However, my time in Ireland has brought home to me how precarious are the peace process, the prosperity of Ireland and Anglo-Irish relations. I tell the Minister frankly that almost everyone I meet says that relations between the British and Irish Governments are worse than at any time in living memory. The Government’s Brexit negotiating tactics, seeking to undermine and denigrate Dublin in Brussels, Paris and Berlin, has done deep damage. After nearly two years there is still no functioning Assembly or Executive in Northern Ireland, the longest period any democracy has been without democratic institutions in modern Europe.

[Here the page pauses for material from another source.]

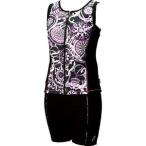 エレッセ ellesse プリント美ラップ美アーム美セパ レディース 水着 ES54251 チャコールグレイ CH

The Government are substantially to blame for this, in my view. The Prime Minister has paid less attention to Northern Ireland, spent less time there and played less of a role of honest broker than any recent Prime Minister, and she is now seen as an open partisan of the DUP and its leader, Arlene Foster. In July, when I was in Belfast at the same time as the Prime Minister, she was never seen without Mrs Foster in attendance. Her speech in Belfast on 20 July, which disowned Sir John Major’s statement with Albert Reynolds that Britain has no selfish or strategic interest in Northern Ireland, and also disowned the provisions to protect Northern Ireland that she agreed in Brussels last December, is in my view the single worst speech or intervention on Northern Ireland by a Prime Minister since the start of the peace process.
Short of renewed violence in Northern Ireland, this debate could not have a bleaker backdrop. The question is whether we are going to make things worse still. That turns on whether Brexit happens. Any Brexit will do deep, lasting and probably irreparable damage to Anglo-Irish relations. From what both unionists and nationalists tell me in Northern Ireland, the result there will almost certainly be a prolonged constitutional crisis, which in a small number of years will probably result in a referendum on the creation of a single Irish state, with all the difficulties that that will entail. My view on this is the same as Sir John Major’s: the United Kingdom has no selfish or strategic interest in maintaining British governance in Ireland, and if it is the will of the people of Northern Ireland to create a single Irish state, this Parliament and this kingdom should enable that to happen with generosity and statesmanship.
However, if Brexit happens, its form—particularly the provision of the backstop on the border—is crucial to limit its damage. On the principles involved, let me say two things. First, what we should be thinking about is not “no hard border”, but “no harder border”. It is perfectly possible to have no hard border, regarding new border infrastructure, while in practice having a much harder border, regarding mobile checks and searches, and regulatory divergence which stifles trade and interactions across the border. This is certain to happen with any Brexit, but obviously the less so, the better. The best possible arrangement would be a backstop in operation that ensures Northern Ireland retains full membership of the customs union and the single market.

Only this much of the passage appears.